Eserleri. 1. Divan. 1502 yılında tamamlanan eser Türkçe ve Farsça şiirlerden oluşmaktadır. Divanın Türkiye’de bir (İÜ Ktp., TY, nr. 5580 müstensihi Sultan III. Murad), Avrupa kütüphanelerinde iki (Vatikan Ktp., Turco, nr. 230; Avusturya Millî Ktp., nr. 654) nüshası tesbit edilmiştir. Divanda yirmi dokuz kaside, iki mesnevi, iki terciibend, bir Farsça tahmîs (Hâfız-ı Şîrâzî’den), bir murabba‘-ı mütekerrir, 150 Farsça, 330 Türkçe gazel, Farsça bir tarih kıtası, dokuz müfred, biri Farsça on yedi muamma ve ikisi Farsça yirmi bir tuyuğ yer alır. Şairin Türkçe kasidelerinde Bursalı Ahmed Paşa ve Edirneli İvazpaşazâde Atâî, Farsça kasidelerinde Zahîr-i Fâryâbî ve Selmân-ı Sâvecî’nin etkisi görülür. Türkçe gazellerinde Ahmed Paşa, Şeyhî ve Ahmedî’den, Farsça gazellerinde Hâfız-ı Şîrâzî’den etkilenmiştir. Ayrıca on yedi Farsça gazeli Hâfız-ı Şîrâzî’ye nazîredir. Mesnevi sahasında Ahmedî ve Şeyhî’yi “bu fennin pîri” addeder. Toplam 4000 beyit içeren divan üzerinde bir yüksek lisans tezi (Ayten Akmandor, 1980, bk. bibl.) ve üç nüshasının karşılaştırılmasıyla doktora tezi (Ersen Ersoy, 2010, bk. bibl.) hazırlanmıştır.

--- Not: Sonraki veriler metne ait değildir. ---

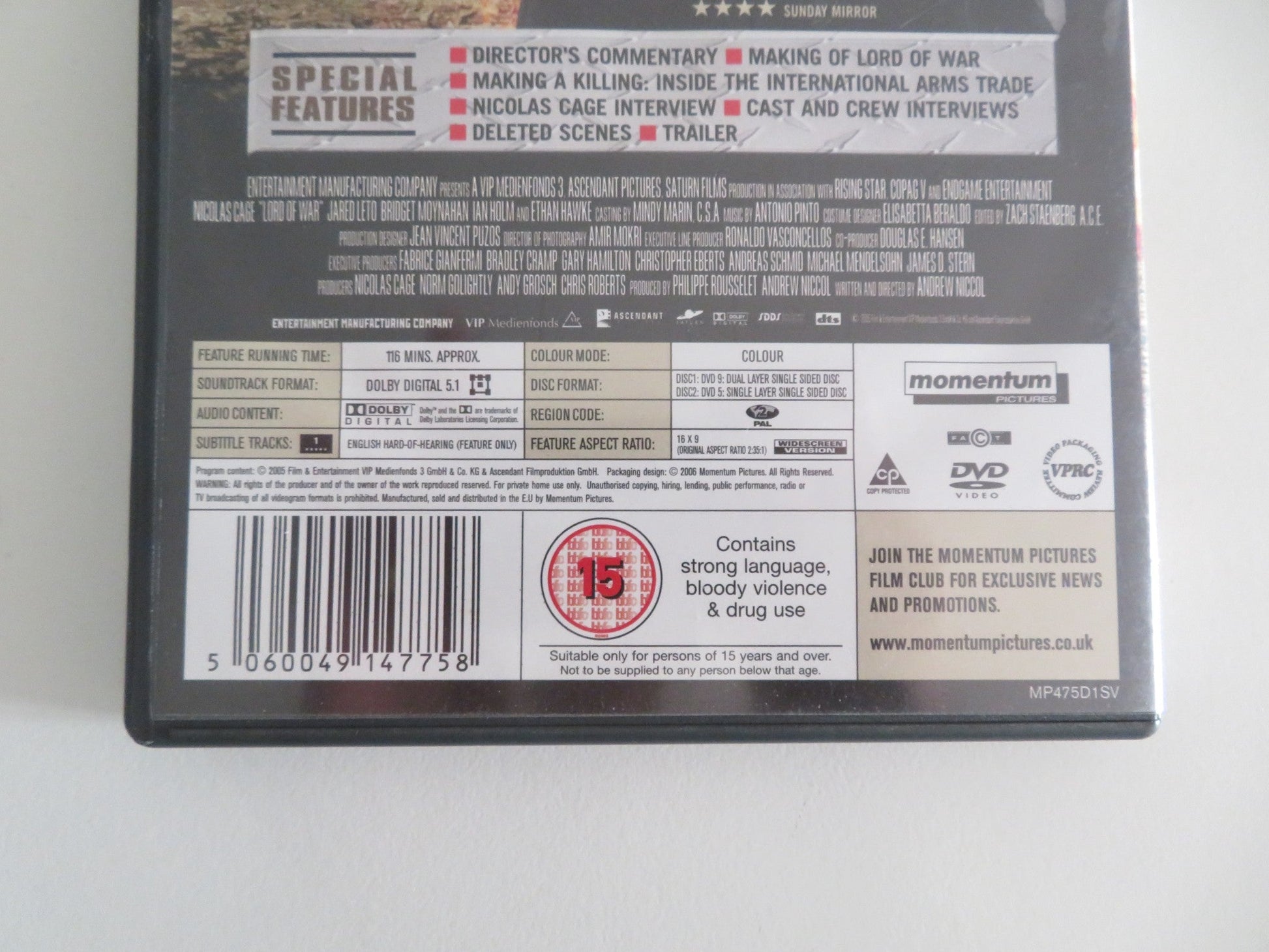 LORD OF WAR - LIMITED EDITION (DVD) NICOLAS CAGE JARED LETO 2005 REGION 2 Movie posters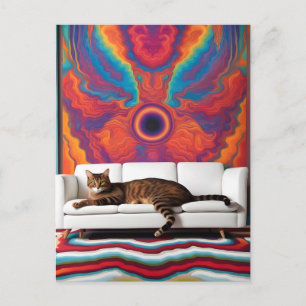 Eine Katze auf einem weißen Sofa psychedelisch far Postkarte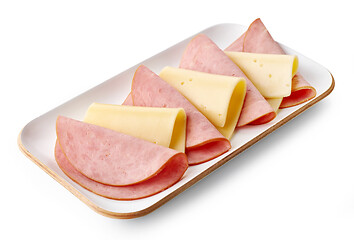 Image showing plate of cheese and ham sausage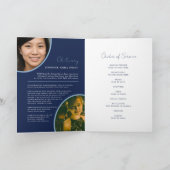 Memorial Service begrafenis hart ovaal foto blauw Programma (Binnen)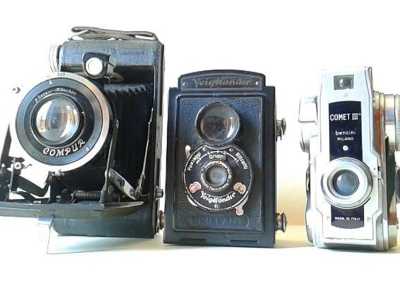 Alcune delle macchine fotografiche possedute da Enrico: la collezione conta 40 pezzi risalenti a un arco temporale compreso tra il 1936 e il 1972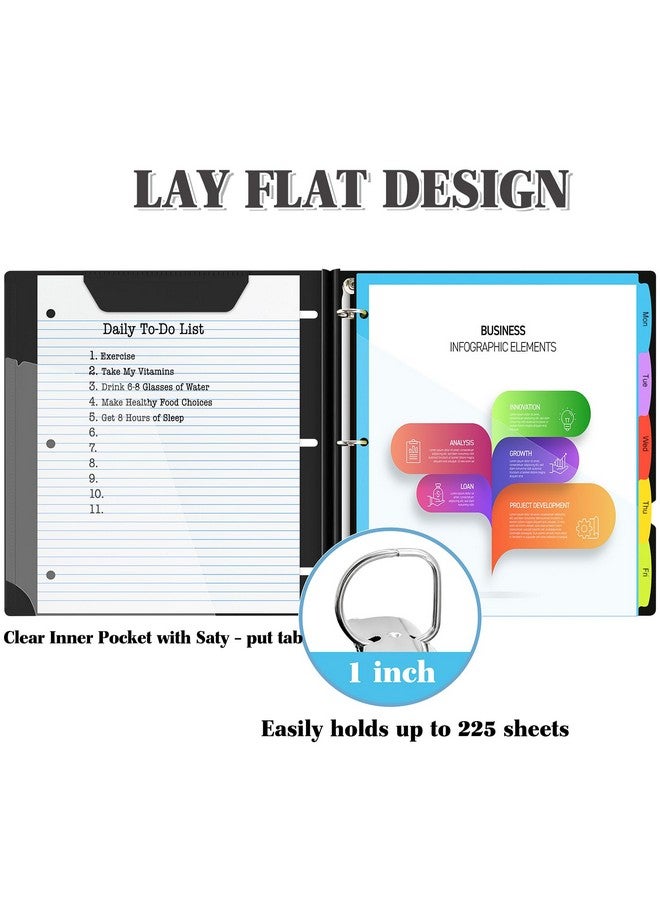 INFUN Telescoping Project Organizer Binder，13 Pocket 3-Ring Binder With Customizable Front Cover, Refillable Binder Organizer With 5 Colors Divider With Tabs And Plastic Binder Pocket -Black  - Image 3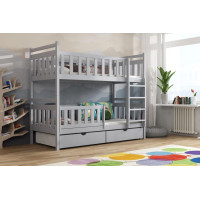 Detská poschodová posteľ z masívu borovice KAREL so šuplíkmi - 200x90 cm - ŠEDÁ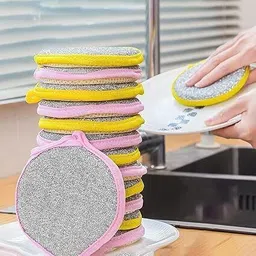 MultiPurpose 2 in 1 Double Side Wire Dish Cloth Dishwashing Sponge Dish Scrubber Stainless Steel Scrub, Sponge Wipe, Scrub Sponge, Scrub Pad-image-54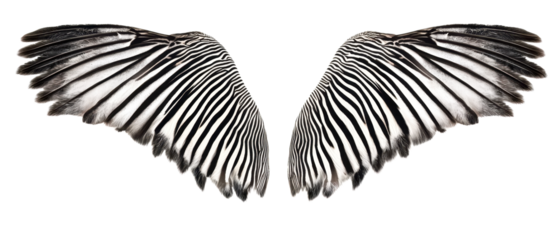 Isolated pair of monochromatic wings, detailed feathers with intricate patterns, symbolizing freedom, flight, and elegance.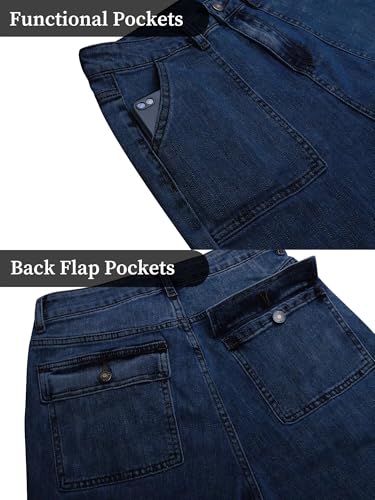 Image of Wide Leg Jeans for Women High Waist Stretch Cargo Denim Pants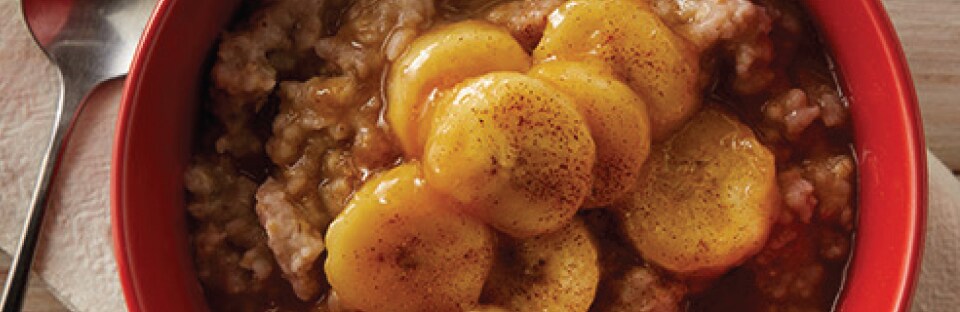 Slow Cooker Steel Cut Oats with Caramelized Bananas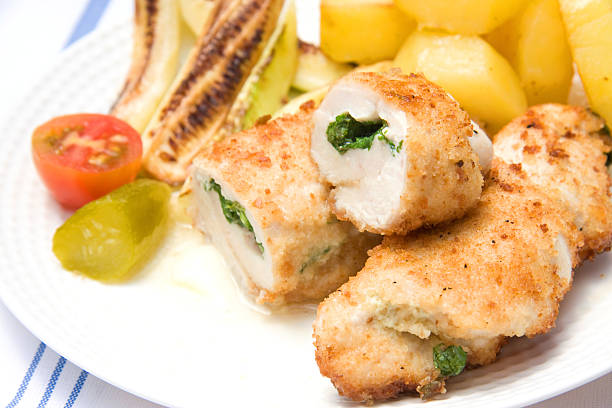 Kiev Chicken with vegetables stock photo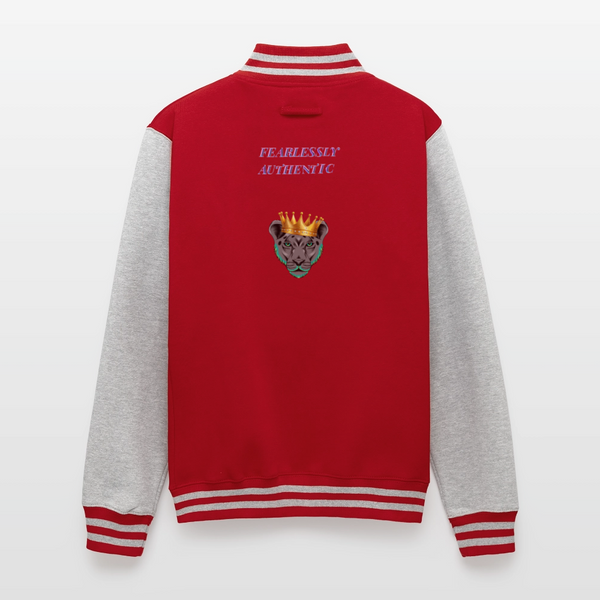 Red women’s queen lioness heavyweight varsity jacket back view showing lioness graphic and fearlessly authentic text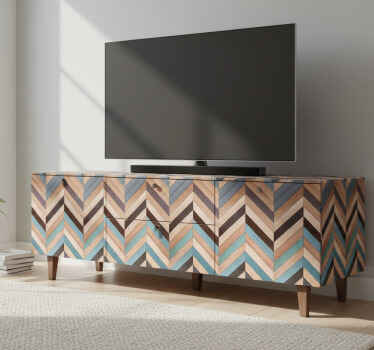 Furniture sticker multicolor wood herringbone design - TenStickers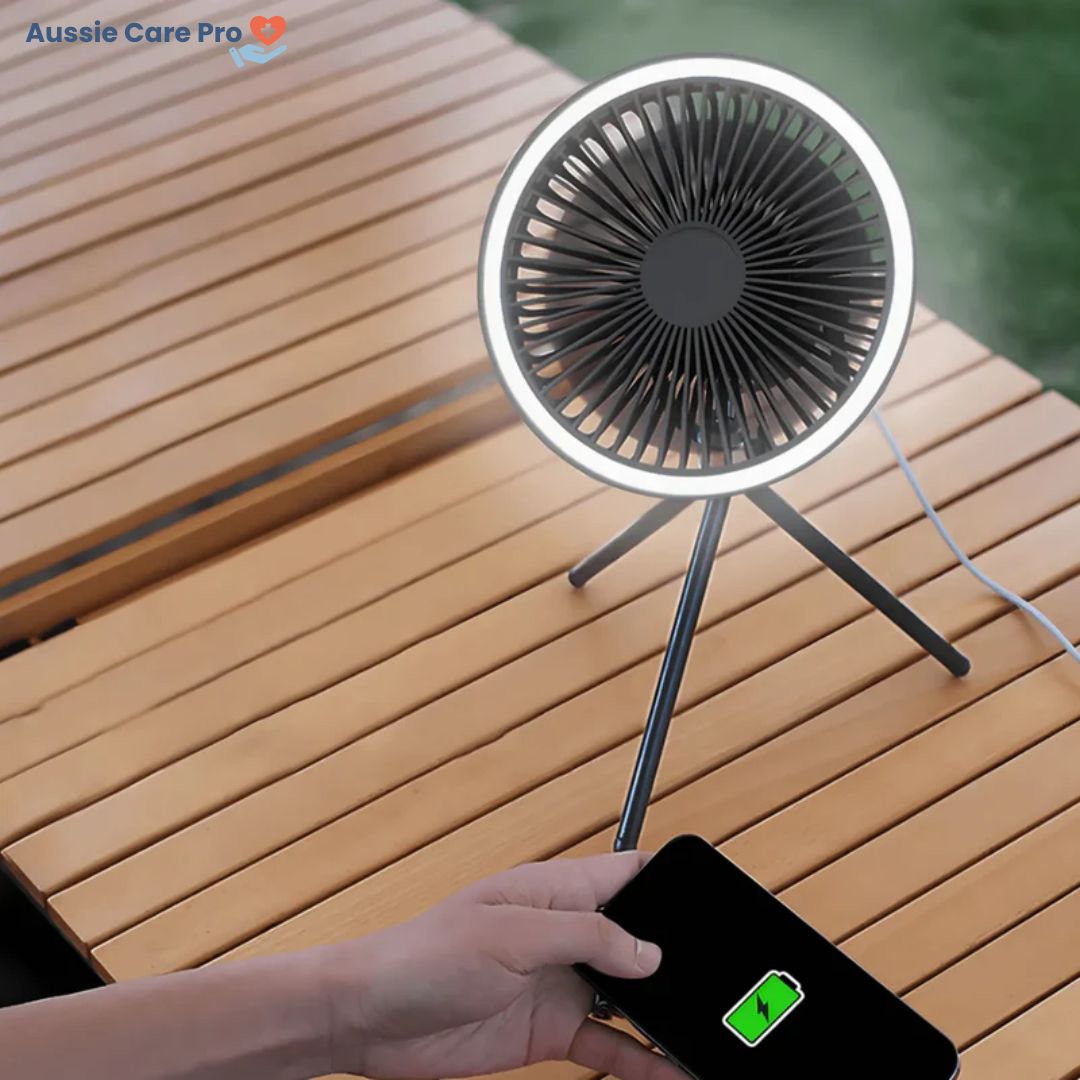 Portable Outdoor Fan with LED Light and USB Charger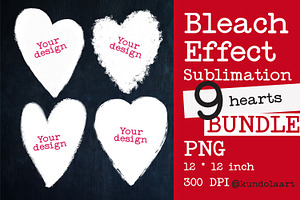 Bleach Effect For Hearts Sublimation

2. Mihr ü Müşterî. Assâr-ı Tebrîzî’nin aynı adlı eserinden çeviridir. Türk edebiyatında manzum Mihr ü Müşterî mesnevilerinin en meşhuru olup kronolojik açıdan ikinci çeviridir ve 6011 beyitten ibarettir. Bilinen iki nüshasından biri müellif hattı olup 9 Şevval 892 (28 Eylül 1487) tarihinde tamamlanmıştır (British Library, Or., nr. 7742), diğer nüshası Millet Kütüphanesi’nde kayıtlıdır (Ali Emîrî Efendi, Manzum, nr. 1185). Bu eser üzerinde Ayten Akmandor doktora tezi hazırlamıştır (1983, bk. bibl.).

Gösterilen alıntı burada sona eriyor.